You don’t have to wash the processor unless you find it unbearable. Add the shallot, garlic, and parsley. Just give them a rough chop. Don’t emulsify them. Add to the chicken livers.

Wash the processor.

Now add the remaining ingredients to the bowl. Blend with your clean hands and pat in the loaf pan. Tap pan on counter a few times to ensure there are no air bubbles.

Place the loaf pan in a larger baking pan. Carefully fill the baking pan with enough water to come halfway up the sides of the loaf pan. Place this setup in the oven.

Bake for 90 minutes, or until a thermometer placed in the middle of the pate reads 160F/71C. Lacking a thermometer, look for the loaf to exude clear to yellowish juices and be pulling away from the sides of the pan. It should not be pinkish, save the cranberries. Pate should look and smell done.

Remove pate from oven and pour cooking juices off into a heatproof measuring cup. As noted in the post, these juices are delicous. Don’t throw them out. Use in rice, soups, grains, poultry, or meat dishes. The cooking juices may be frozen. It is inadvisable to freeze the pate.
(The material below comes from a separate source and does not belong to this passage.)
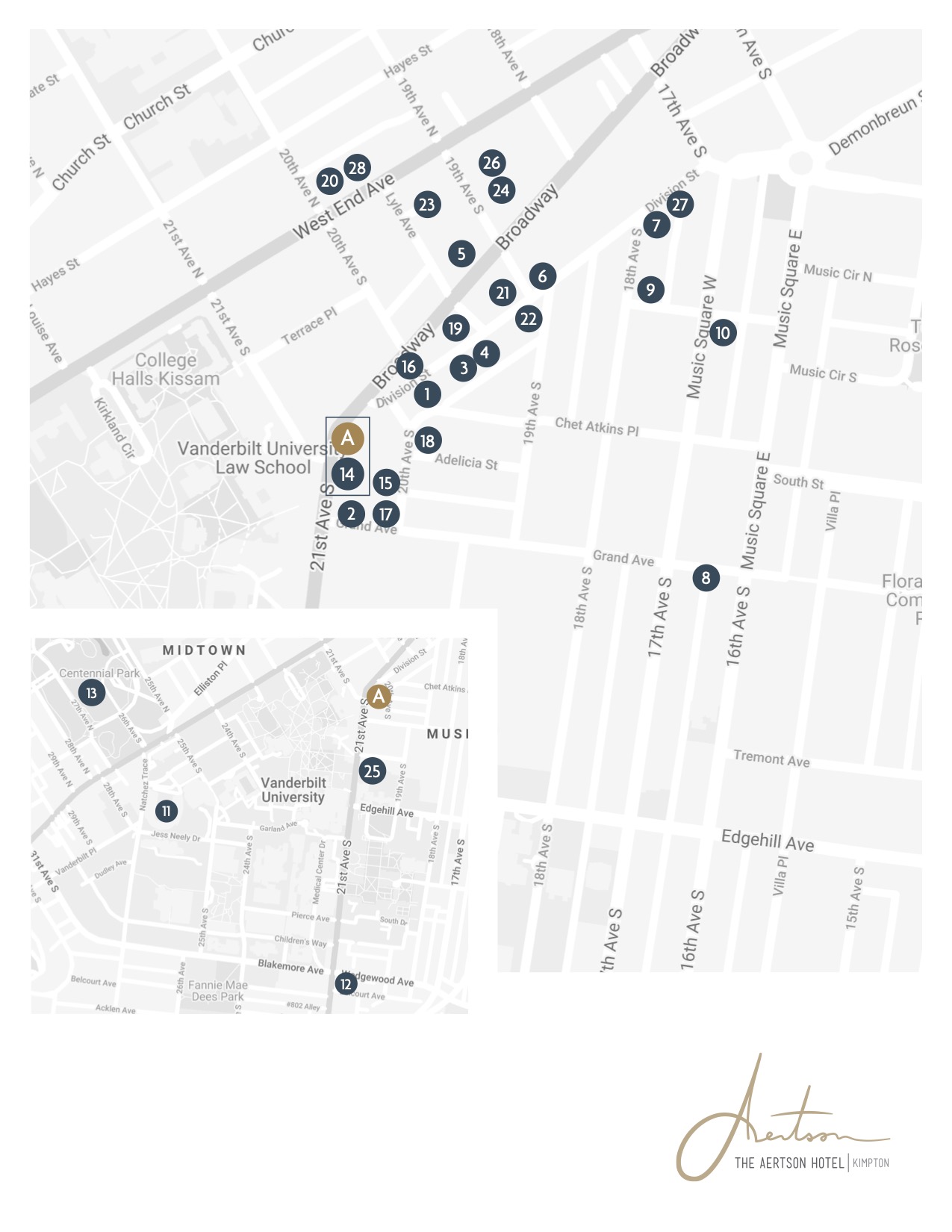 Aertson's Midtown Nashville Map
Pate may be sealed with clarified butter, duck, or pork fat for extended keeping. Once seal is broken, consume within 5 days.
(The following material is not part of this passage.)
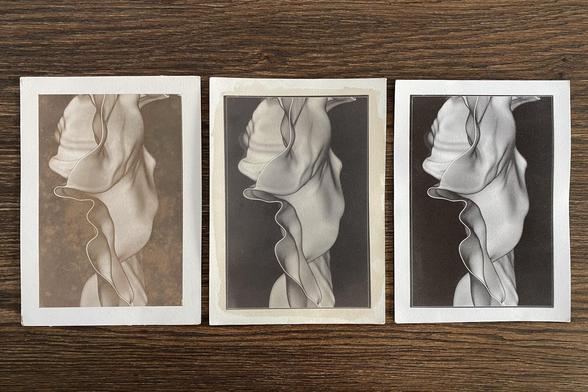 Photo of 3 kallitype prints (of the same artwork) lying on a table. See individual descriptions in main message.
If you do not seal the pate, allow it to rest, covered and refrigerated, up to three days. Eat within five days with pickles, bread, crackers, and/or salad.

Notes:

There are as many variations for pate making as there are cookbooks. You can substitute dried prunes plumped in liquor, currants, raisins, or any other dried fruit you like. You may also omit the fruit entirely.

Some people like chopped pistachio in their pates. I am not one of them.

Omit or use other liquor in the pate. Or use a dry white wine.

Substitute different meats and/or fats. If you do not eat pork, make the pate with chicken or duck. If you have come into an inheritance, Jacques Pepin and Julia Child have wonderful recipes for pate using pheasant and foie gras. Richard Olney’s Simple French Food is another excellent reference on pate and terrine making.